Stored data>
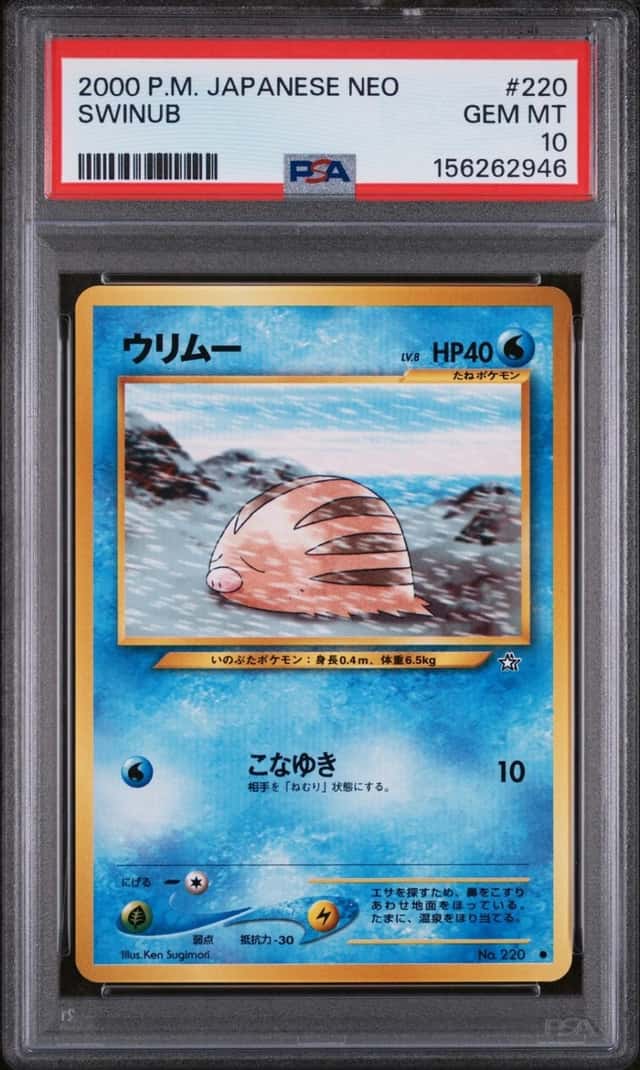 Swinub
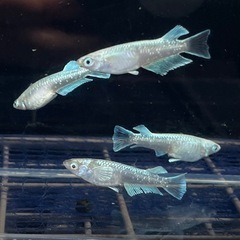 【現物】エメキンの選別外🐟めだか4匹セットの画像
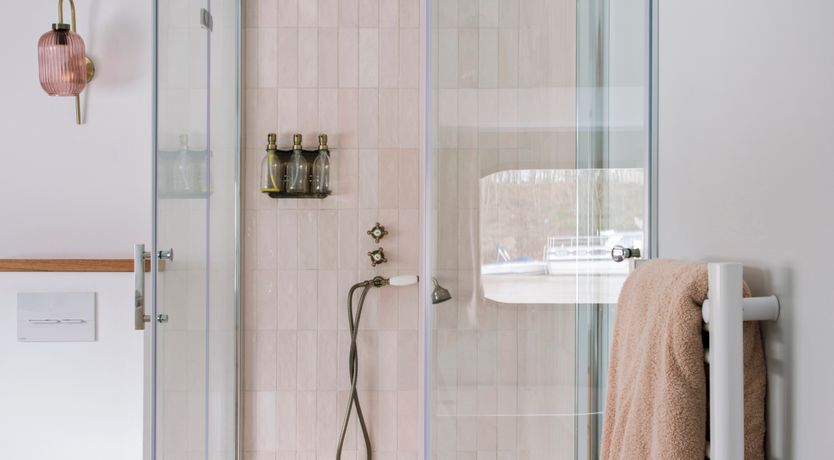 Photo of The Pink Peony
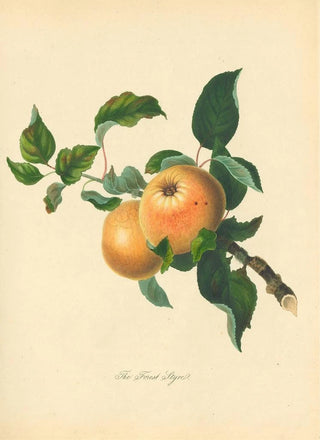 Thomas Andrew Knight - Forest Styre.webp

Work item>
Return the full material word for word. Do not include the pictures.

Response to this task>
 Swinub
 【現物】エメキンの選別外🐟めだか4匹セットの画像
 Photo of The Pink Peony
 Thomas Andrew Knight - Forest Styre.webp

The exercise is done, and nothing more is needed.